Data excerpts:
== Segment start ==

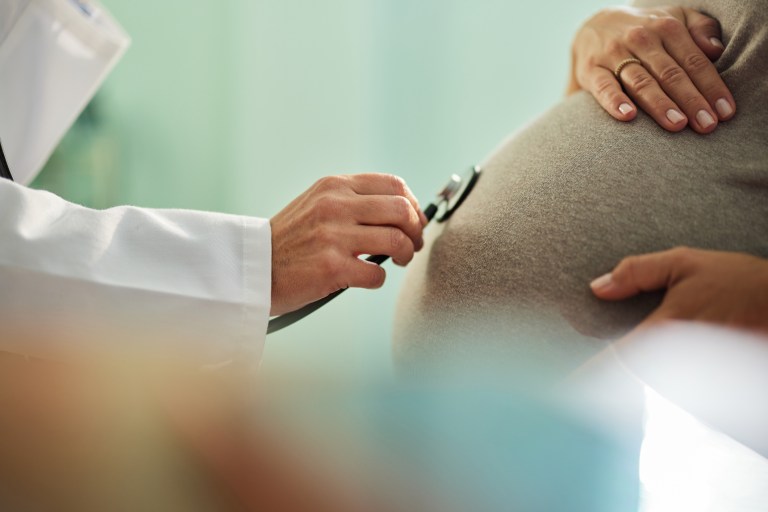 Close up of a doctor's hand using stethoscope to listen to a baby's heartbeat of a pregnant woman.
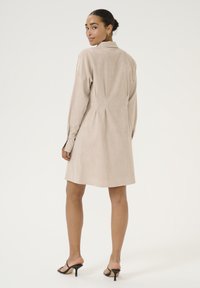 Robe beige, longueur genoux, en tissu doux, avec un col et des plis au dos. Associée à des sandales à talons noires.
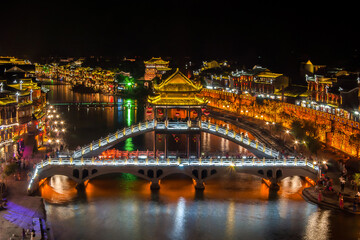 Beautiful night scenery and Fenghuang Bridge of Fenghuang (Phoenix) ancient town, Hunan province, China. Cityscape at night with reflection light in the river.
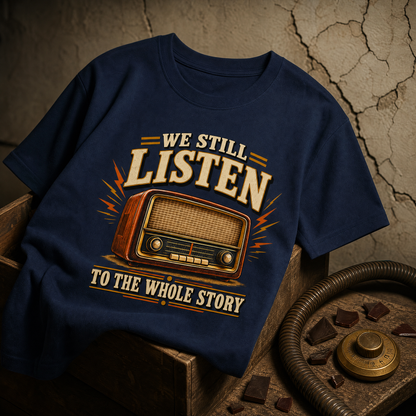 Navy vintage t-shirt with printed “We Still Listen To The Whole Story” radio design, hero view.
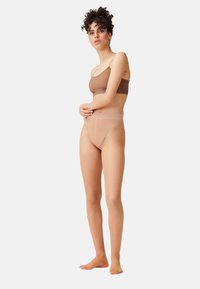 BH und hochgeschnittene Unterwäsche aus einem glatten, dehnbaren, nudefarbenen Stoff. Nahtloses Design mit dünnen Trägern und einem breiten elastischen Bund.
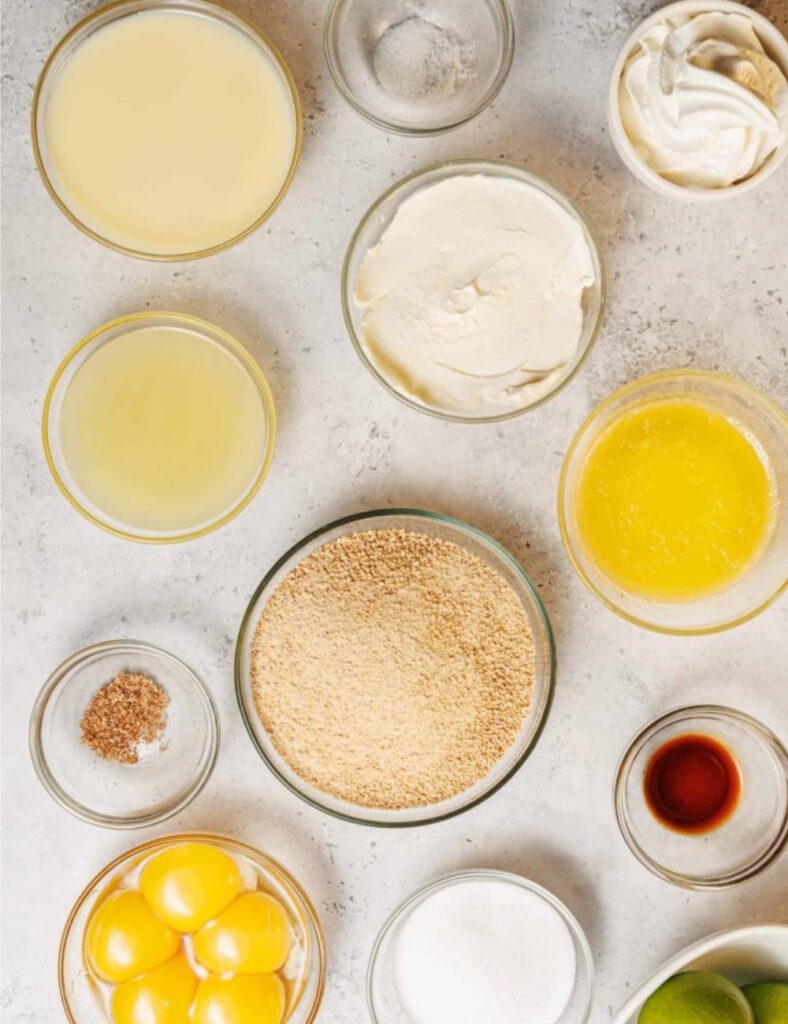Various cake ingredients arranged in bowls on a wooden table, including flour, sugar, eggs, and butter.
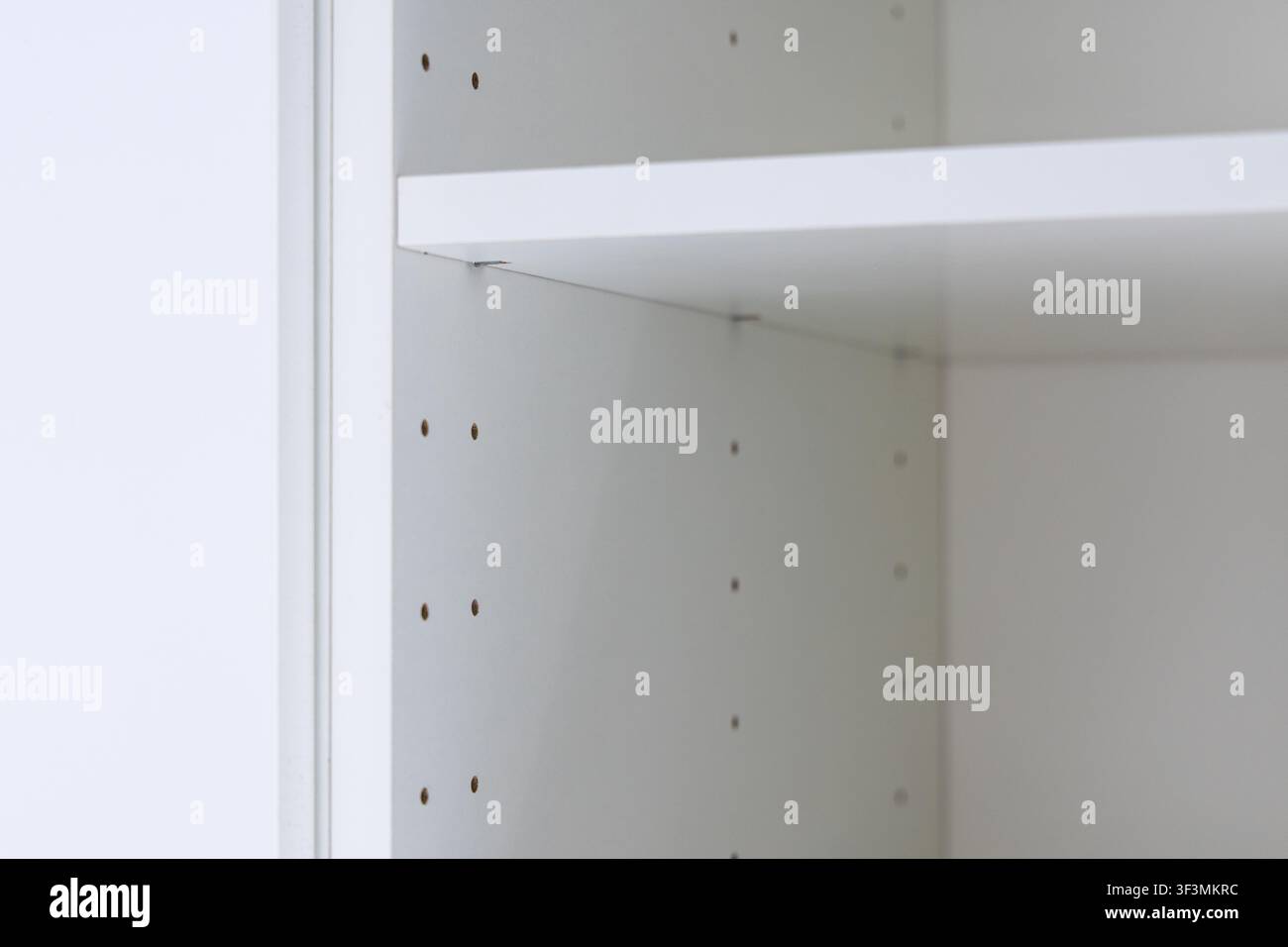 Das Innere einer modernen weißen Regalunit zeigt präzise vorgebohrte Löcher für die Regalplatzierung und subtile Metallstifte, die ein Regal unterstützen Stockfoto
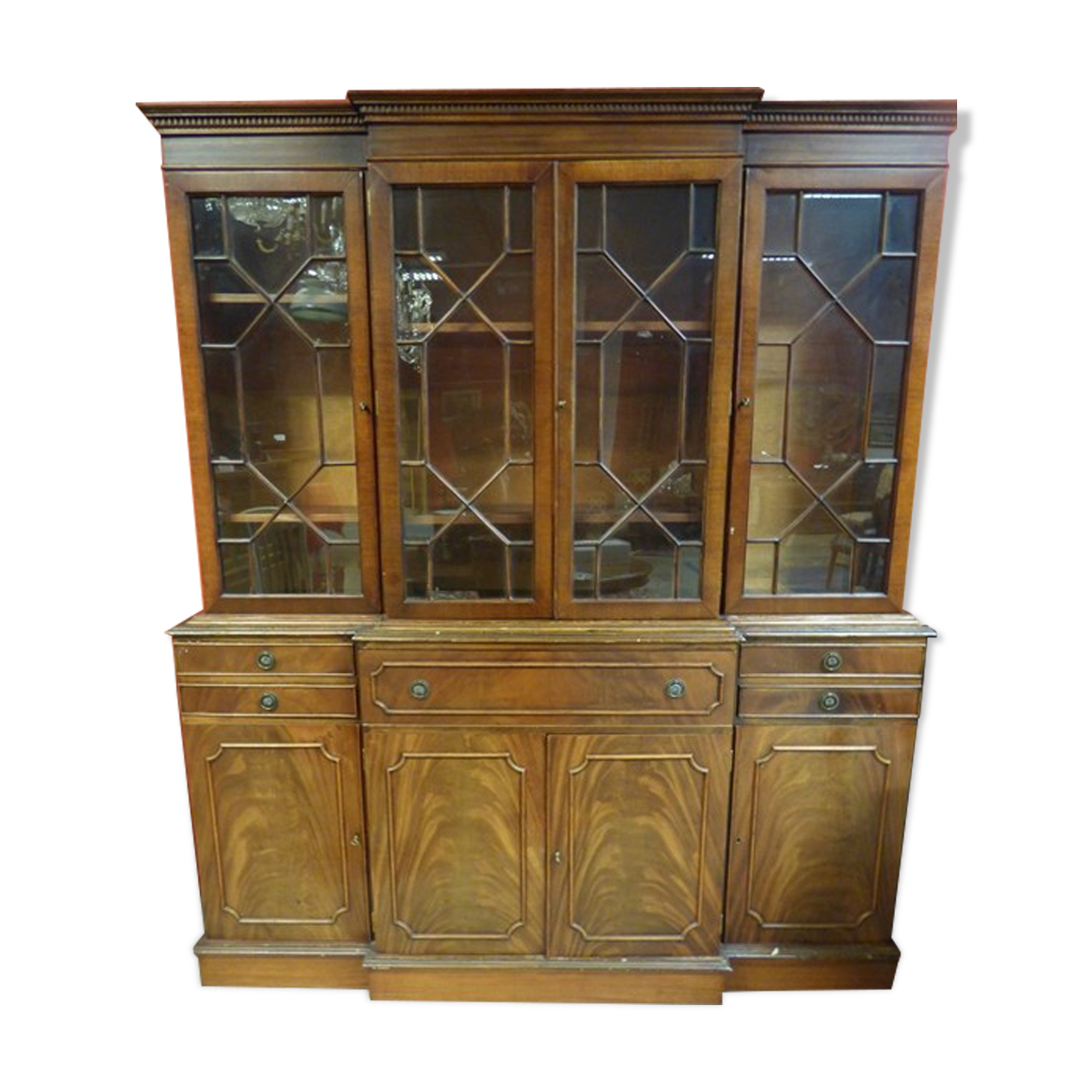 Scribanne bookcase in mahogany veneer English work of the twentieth century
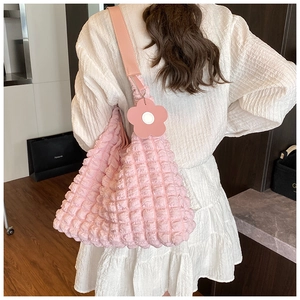 Détail du sac à main rose texture bulle avec pendentif fleur et bandoulière en cuir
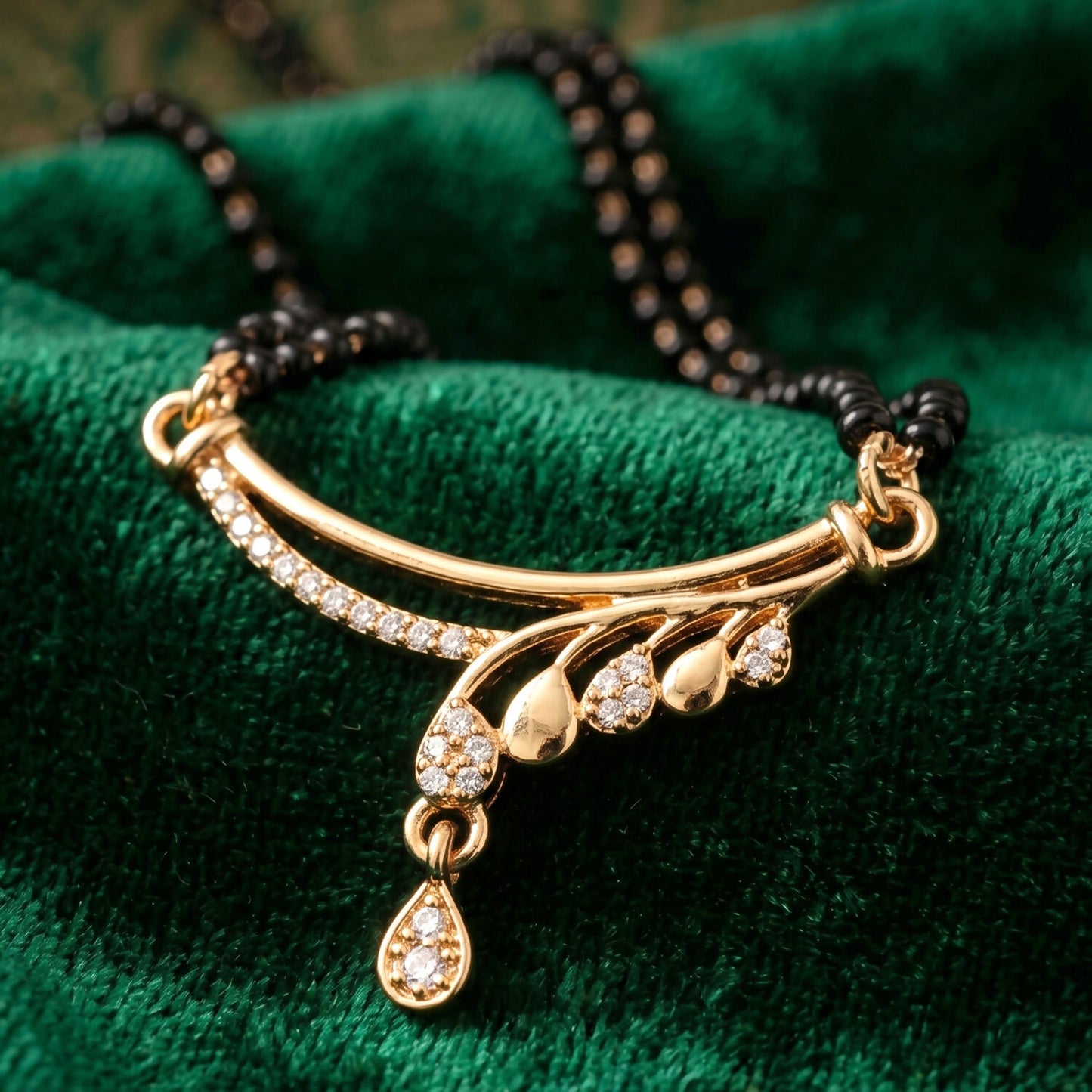 Contemporary rose gold mangalsutra design with wave arc pendant and black bead chain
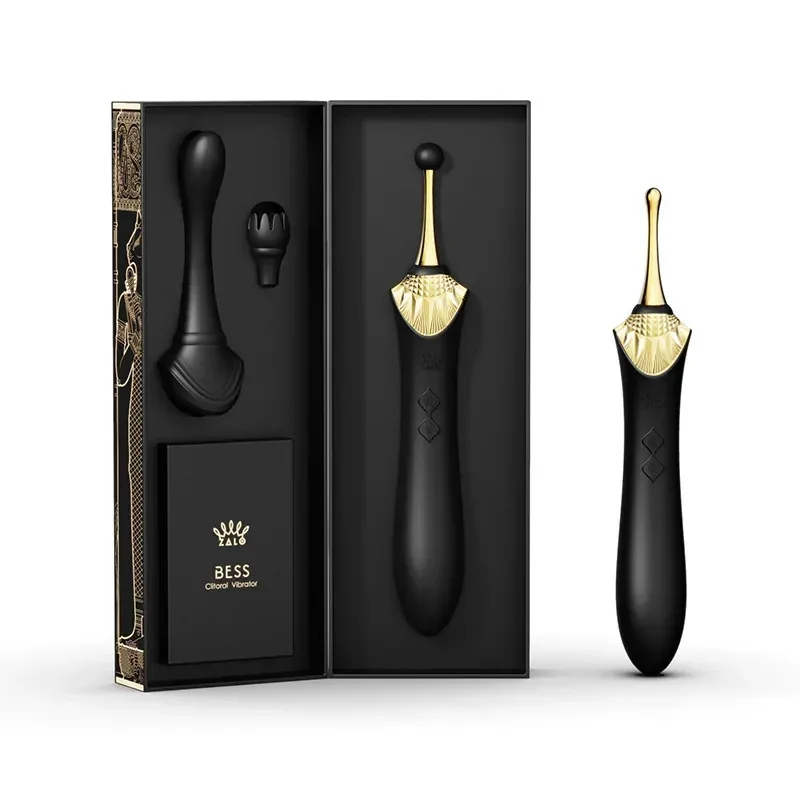 Vibrador de clitoris premium preto com ponta dourada e cabecas intercambiaveis na caixa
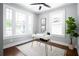 Bright home office with hardwood floors, white walls, and a modern desk at 943 Rose Sw Cir, Atlanta, GA 30310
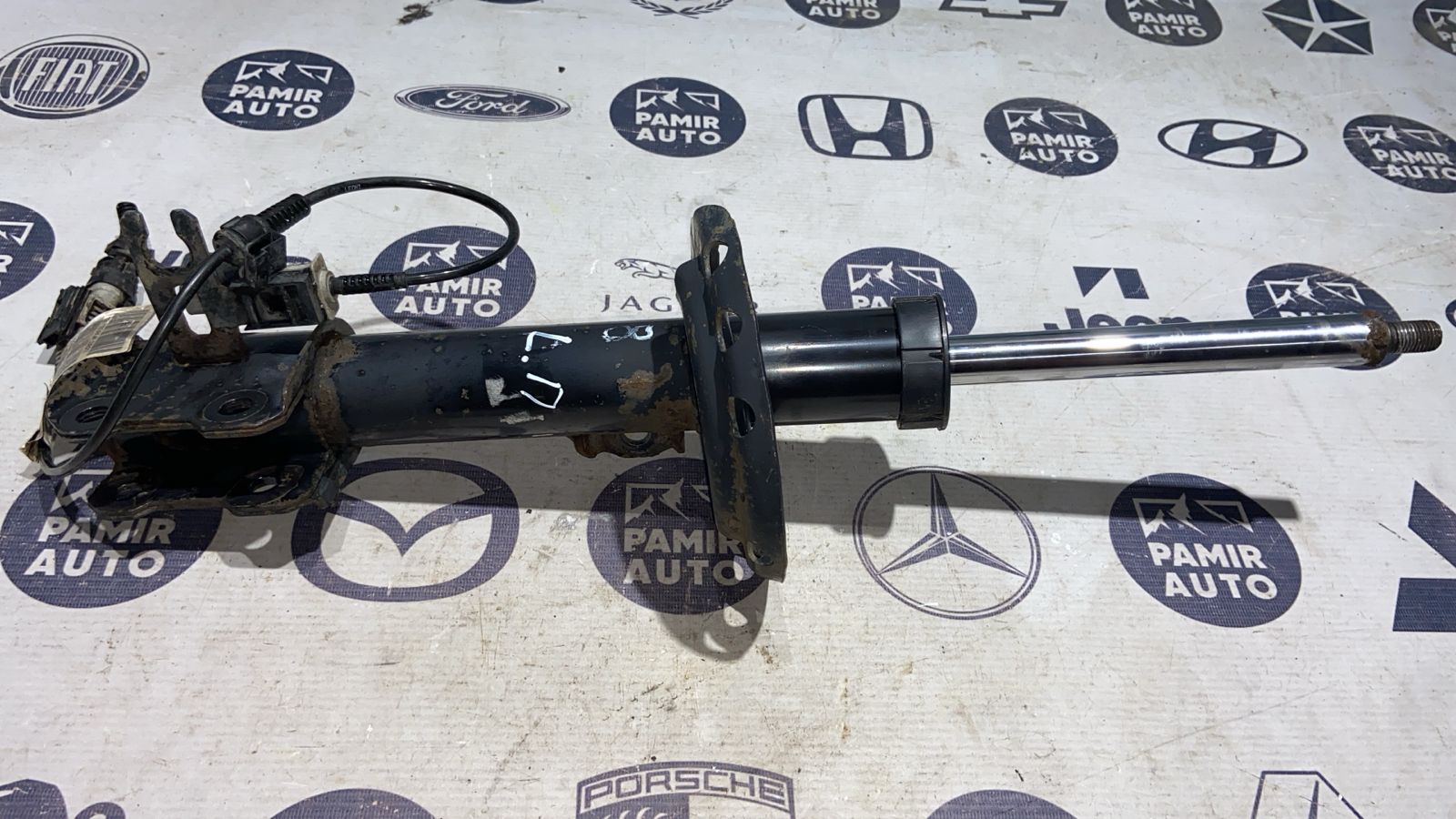 Амортизатор передний левый Opel Zafira/B 2005-2014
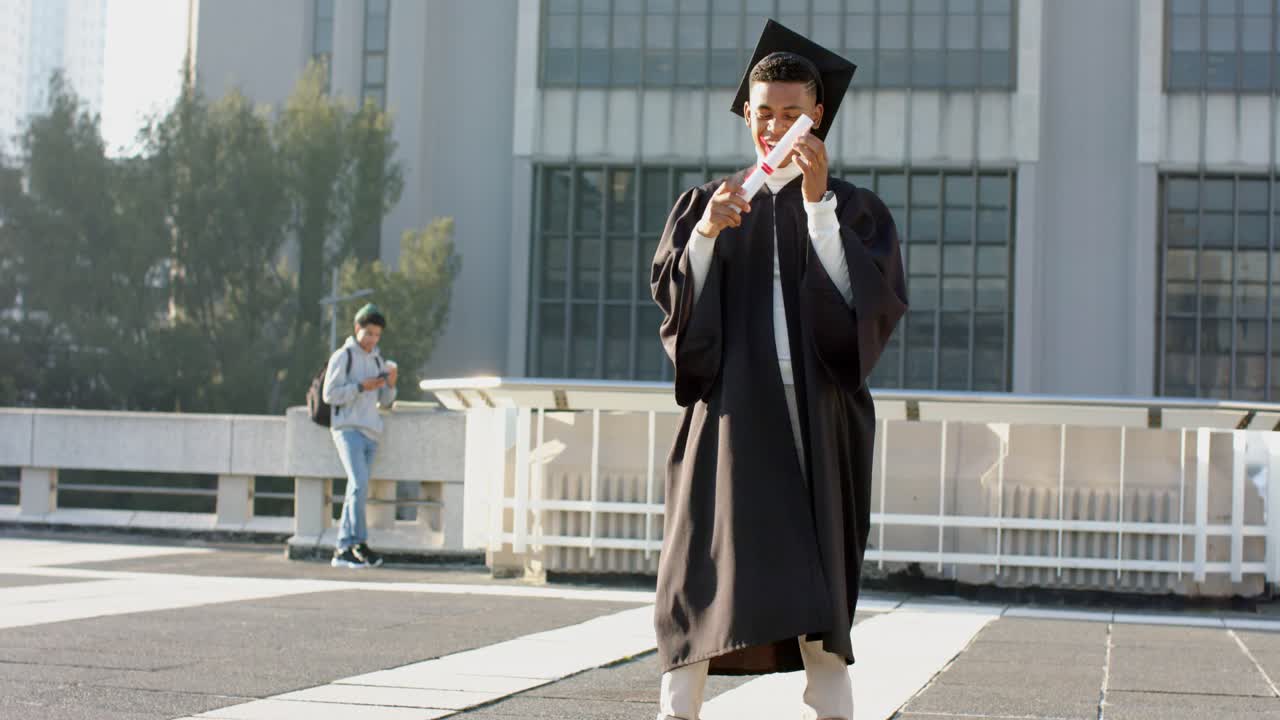 African American man graduate glancing at diploma, pumping fist, dancing on plaza, celebrating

== Segment end ==

- Task brief:
From the first line of the entries above through the line with "Various cake ingredients", set down each line exactly and drop the pictures.

- Reply to the exercise:
 Close up of a doctor's hand using stethoscope to listen to a baby's heartbeat of a pregnant woman.
 Robe beige, longueur genoux, en tissu doux, avec un col et des plis au dos. Associée à des sandales à talons noires.
 Beautiful night scenery and Fenghuang Bridge of Fenghuang (Phoenix) ancient town, Hunan province, China. Cityscape at night with reflection light in the river.
 Navy vintage t-shirt with printed “We Still Listen To The Whole Story” radio design, hero view.
 BH und hochgeschnittene Unterwäsche aus einem glatten, dehnbaren, nudefarbenen Stoff. Nahtloses Design mit dünnen Trägern und einem breiten elastischen Bund.
Various cake ingredients arranged in bowls on a wooden table, including flour, sugar, eggs, and butter.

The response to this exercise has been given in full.